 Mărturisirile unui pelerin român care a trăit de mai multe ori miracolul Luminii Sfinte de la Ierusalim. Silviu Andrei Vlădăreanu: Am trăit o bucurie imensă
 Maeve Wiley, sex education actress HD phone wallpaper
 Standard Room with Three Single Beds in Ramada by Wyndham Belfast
--
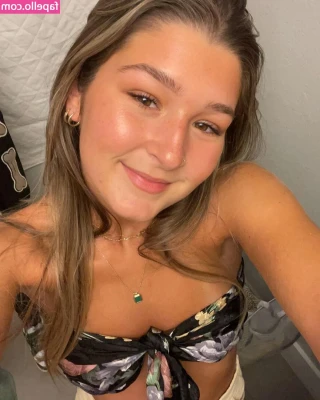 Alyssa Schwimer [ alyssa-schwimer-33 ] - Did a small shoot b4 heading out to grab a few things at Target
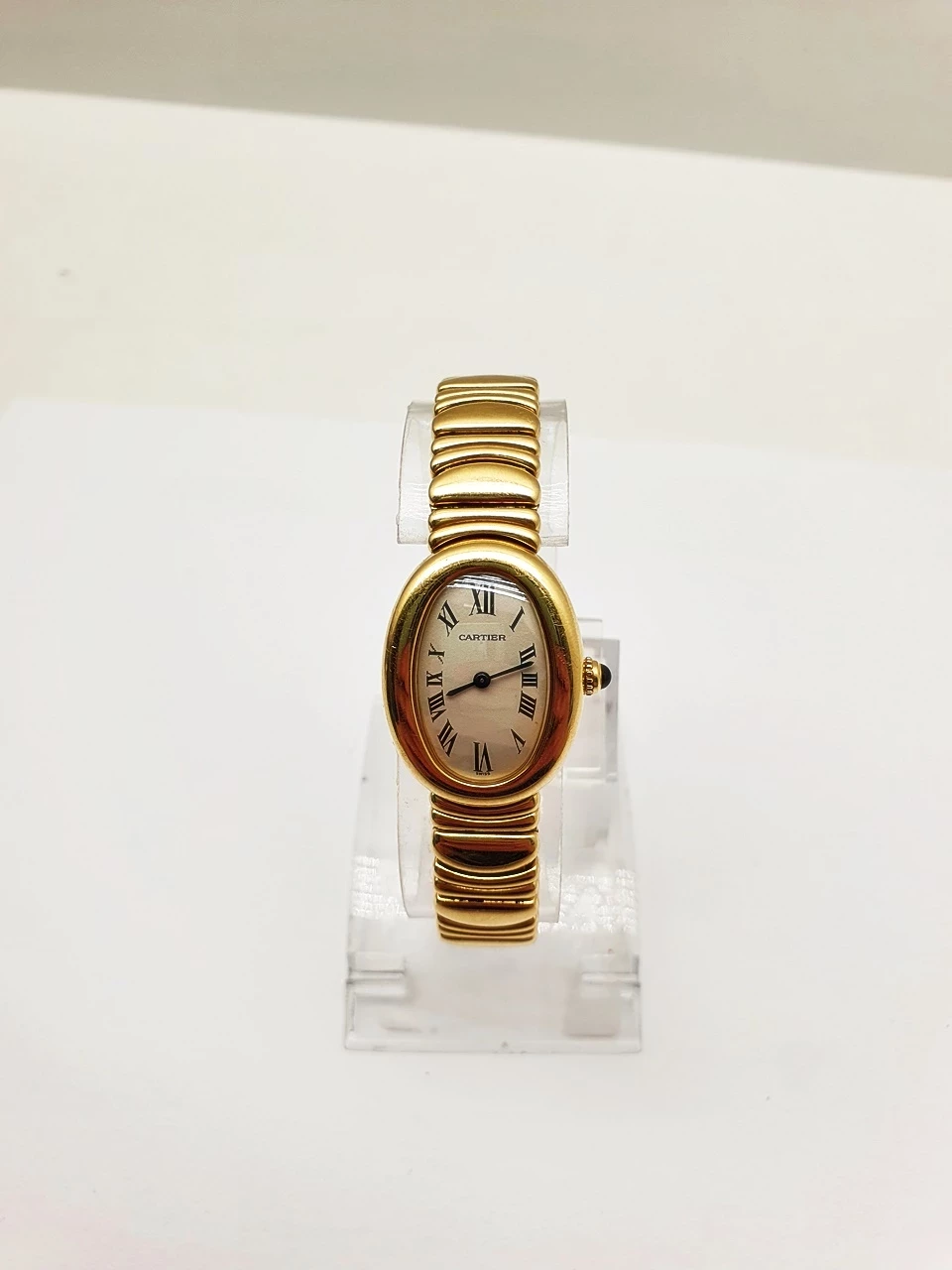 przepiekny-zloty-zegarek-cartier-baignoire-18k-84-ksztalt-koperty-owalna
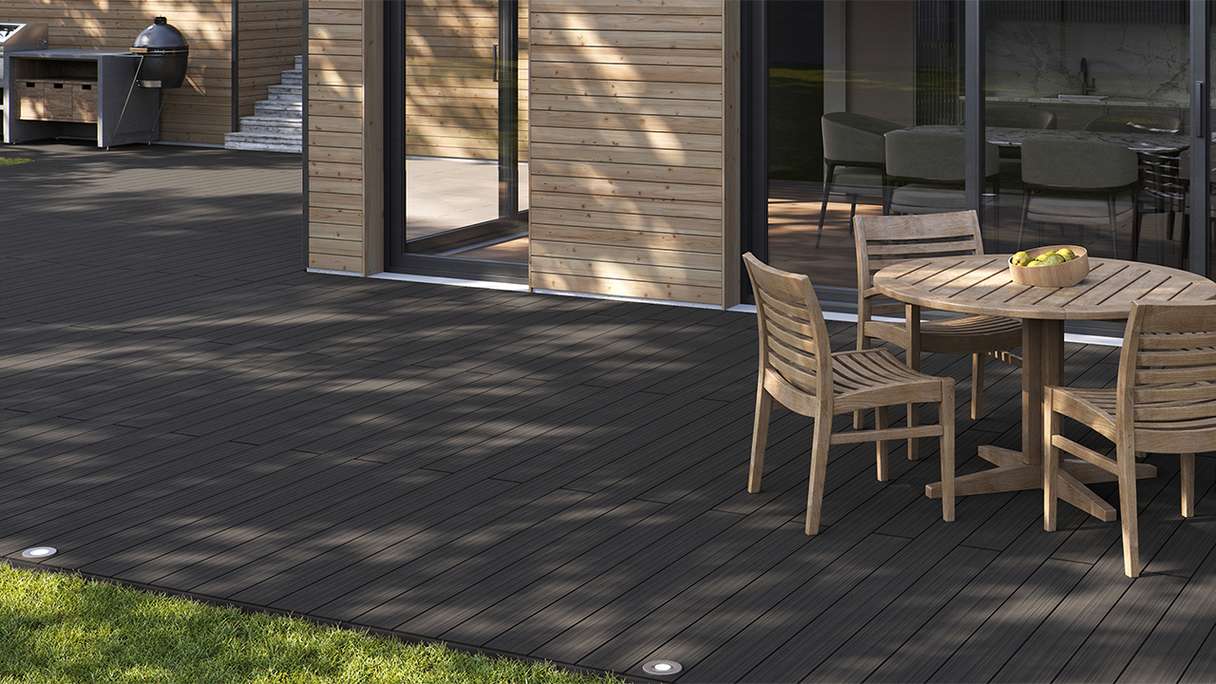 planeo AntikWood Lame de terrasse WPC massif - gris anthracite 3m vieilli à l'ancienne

* **WORK TO COMPLETE**: With the line holding "Mărturisirile unui pelerin" as the first and the line holding "Standard Room with" as the last, please transcribe exactly the lines of the material above in that range and nothing else.

* **PROBLEM SOLUTION**:
 Mărturisirile unui pelerin român care a trăit de mai multe ori miracolul Luminii Sfinte de la Ierusalim. Silviu Andrei Vlădăreanu: Am trăit o bucurie imensă
 Maeve Wiley, sex education actress HD phone wallpaper
 Standard Room with Three Single Beds in Ramada by Wyndham Belfast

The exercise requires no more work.